かれのもとへ、歩いてけ。【イノウエ旅行記三日目②】
住所だけを頼りに、友人の住むアパートを探す。札幌駅から歩くこと50分。遂に彼の住むアパートを発見した。会えれば4年ぶりだ。会えれば。
その男は中学受験期の頃の戦友だ。北海道の大学に通う彼は一昨年、自らの住むアパートから年賀状をくれた。「LINE教えて」とあった。
しかしその年、俺は喪中で、あれよあれよという間に返事を書きそびれてしまった。これに関しては俺が悪い。
さらに次の年、彼はまた年賀状をくれた。
案の定、こうあった。「LINE教えて」
普通は自分のIDを書いた上でそう言うだろう、と苦笑しながら、それでも申し訳なさも添えて今度はしっかり返事を書く。もちろんLINEのIDも添えた。
しかし、LINEは一向に来なかった。
シャイな男なのだ。昔から。
札幌駅から歩き出してから25分。またしても北海道のスケールに驚かされる。都会に見える札幌でさえ、ストライドが違うような気がする。一歩の感覚が遠い。
冒頭にもどる。
アパートだと思っていた建物は、寮だった。玄関のインターフォンを押すと40代の女性が現れた。顔には誰だこの人、と書いてある。

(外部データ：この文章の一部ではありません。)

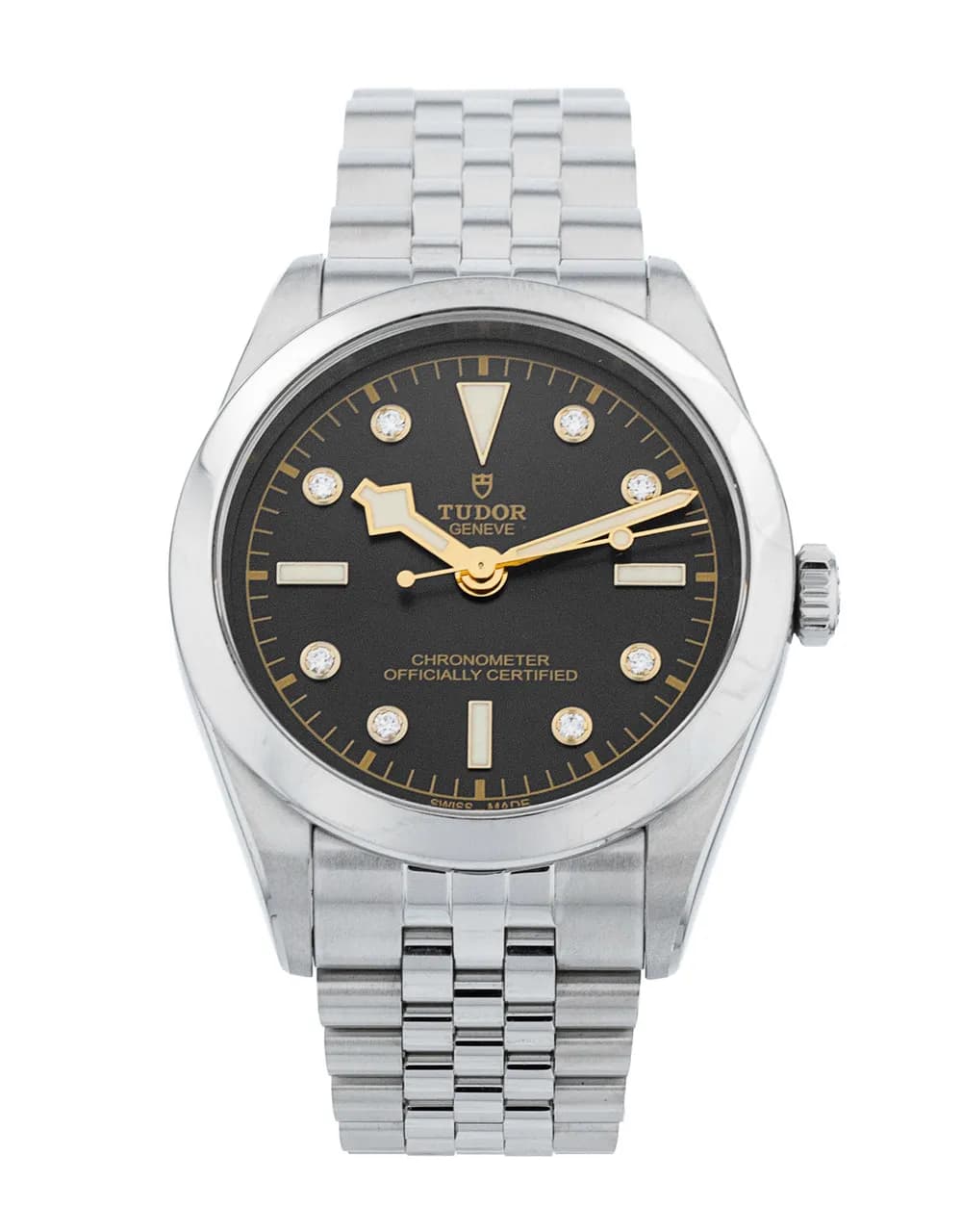 Watchfinder & Co. occasion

「201号室の、◯◯くんを訪ねて参りました。今こちらにいますかね…?」
「あぁ…◯◯くんなら3月に退居されています」
「え…」(ぽへ〜〜〜)
どうやら簡単には出会わせてくれないらしい。
来年の彼の年賀状に書かれた住所に、俺は歩いていけるだろうか。歩いていく意志だけでも、絶やさないでいたいと思う。